EXERCISE
Only the lines from the one bearing "鼻の手術後3ヶ月目のレビュー" through the end of the entries should be output, exactly as they stand, and pictures should be skipped.

LISTED RECORDS
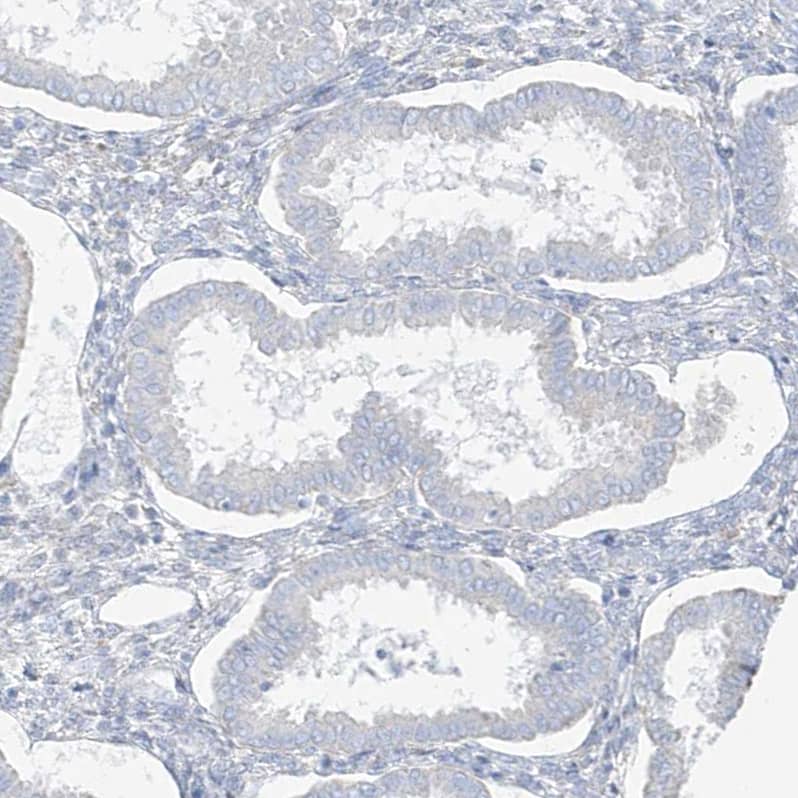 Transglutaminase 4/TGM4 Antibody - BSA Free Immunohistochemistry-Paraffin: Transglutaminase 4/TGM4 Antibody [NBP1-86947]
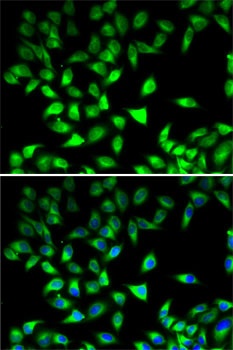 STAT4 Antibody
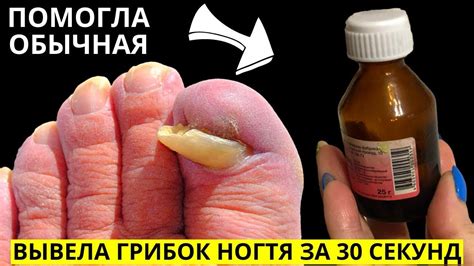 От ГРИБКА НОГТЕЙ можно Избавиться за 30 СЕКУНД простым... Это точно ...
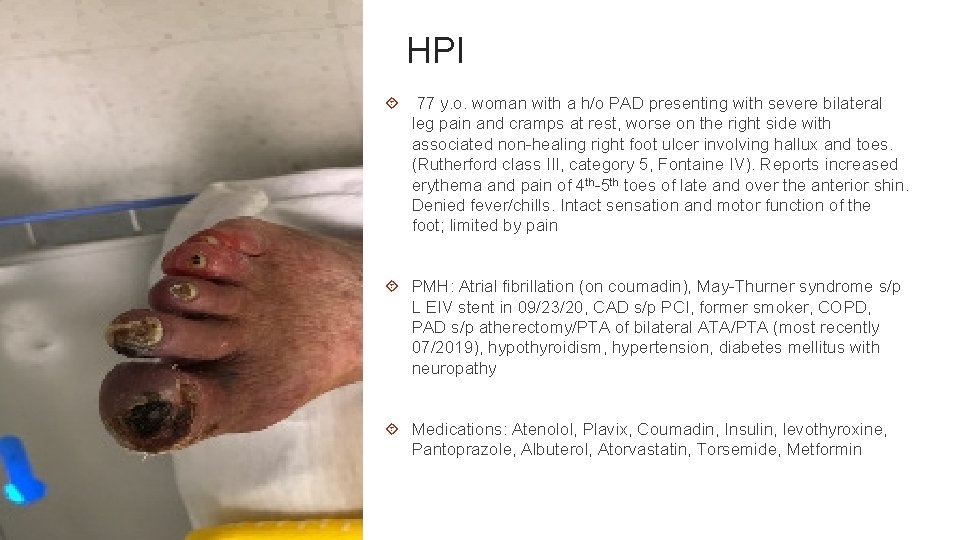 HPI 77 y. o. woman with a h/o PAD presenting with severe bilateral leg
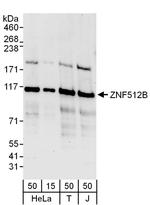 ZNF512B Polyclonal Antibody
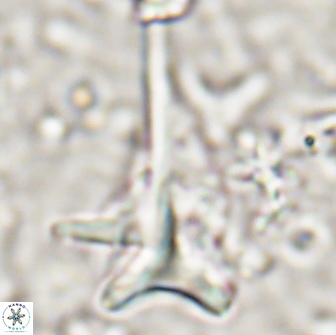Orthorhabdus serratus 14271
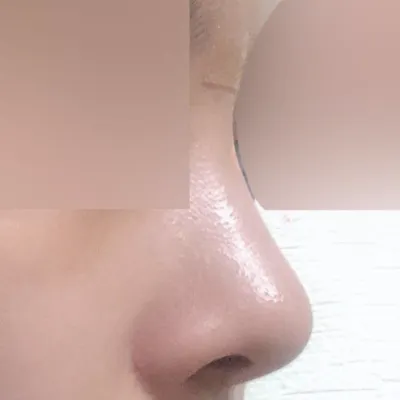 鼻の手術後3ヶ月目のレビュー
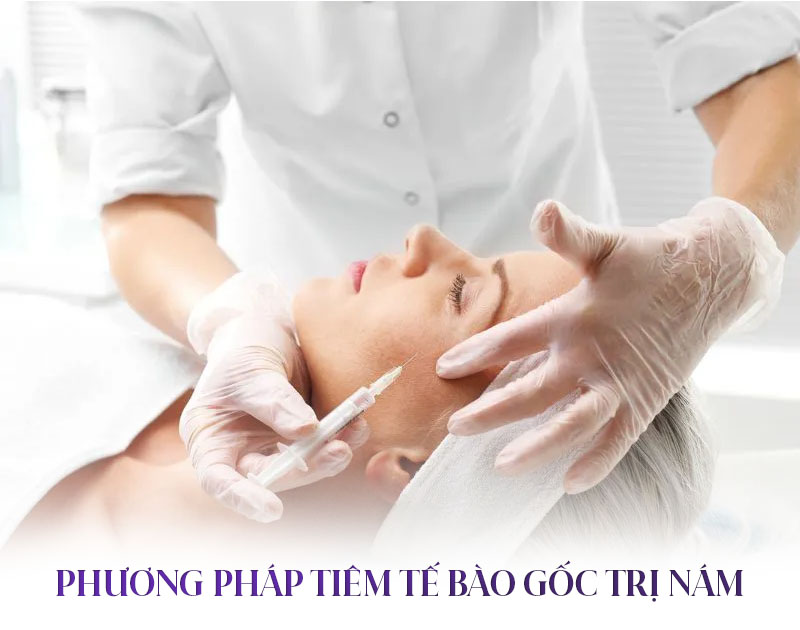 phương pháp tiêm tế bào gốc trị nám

COMPLETED TASK
 鼻の手術後3ヶ月目のレビュー
 phương pháp tiêm tế bào gốc trị nám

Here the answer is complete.